■ TO DO ■
Leaving the pictures aside, return all of the data below exactly.

■ DATA SECTION ■
+--

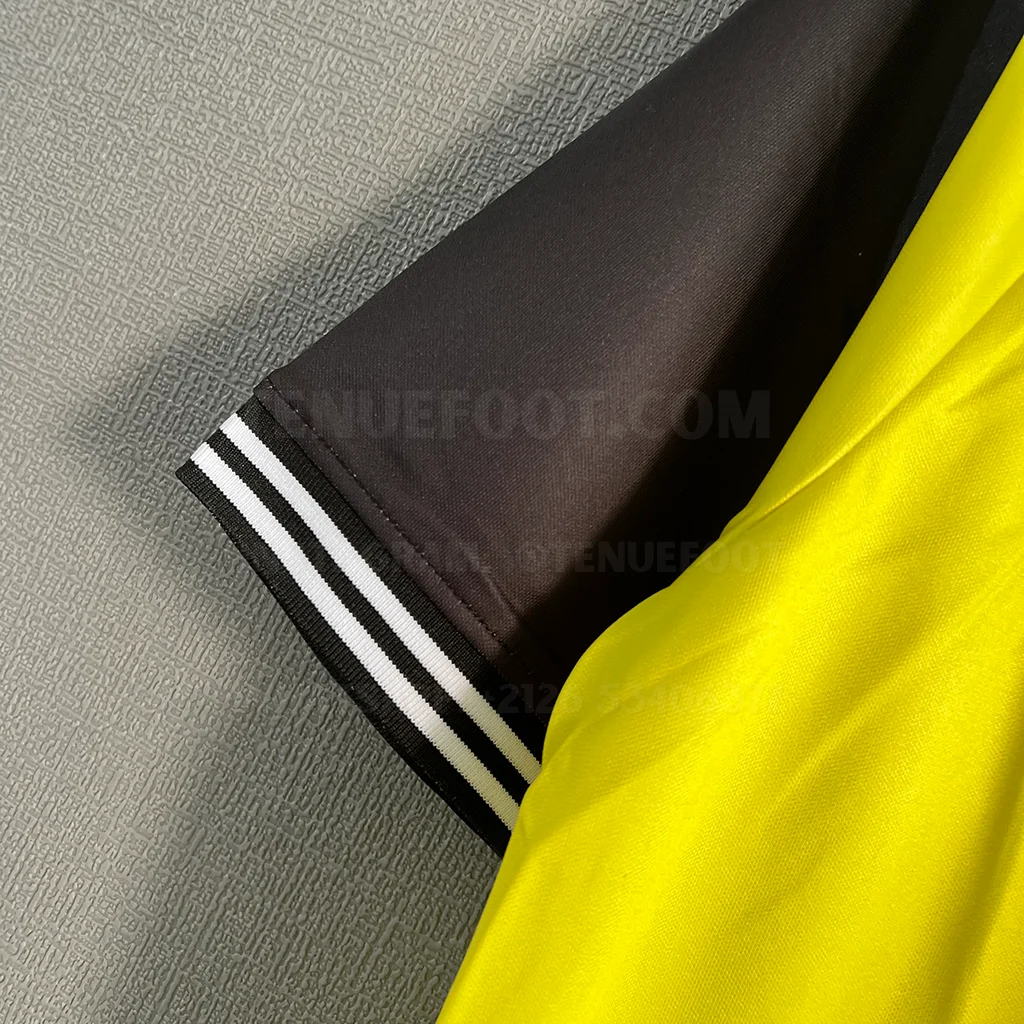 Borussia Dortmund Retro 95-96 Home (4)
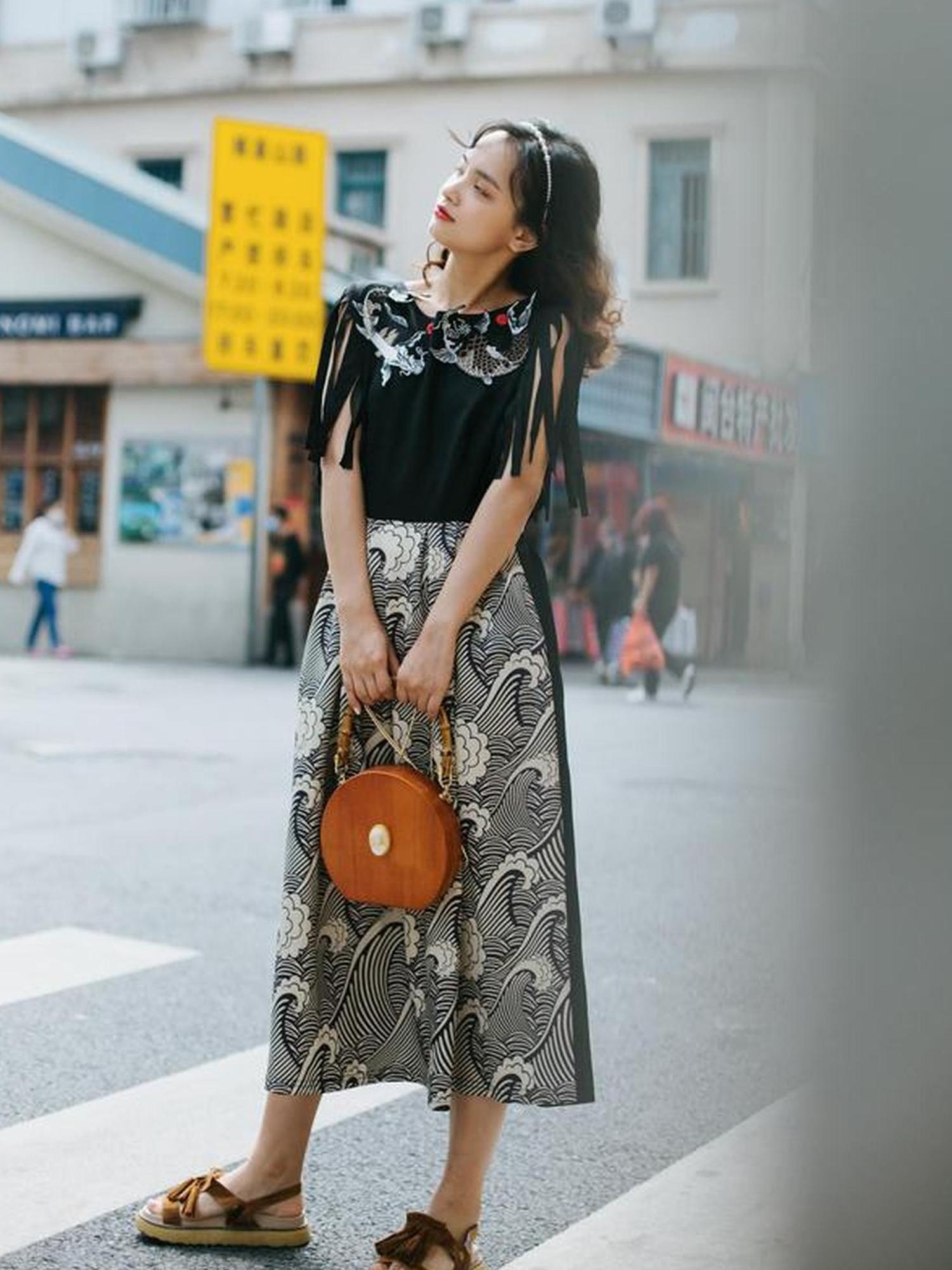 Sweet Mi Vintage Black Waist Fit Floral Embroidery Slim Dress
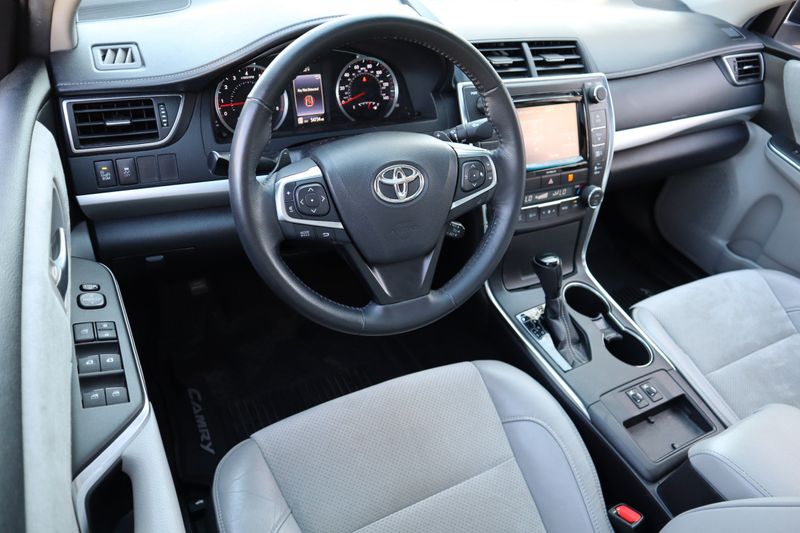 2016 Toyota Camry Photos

+--

■ EXPECTED ANSWER ■
 Borussia Dortmund Retro 95-96 Home (4)
 Sweet Mi Vintage Black Waist Fit Floral Embroidery Slim Dress
 2016 Toyota Camry Photos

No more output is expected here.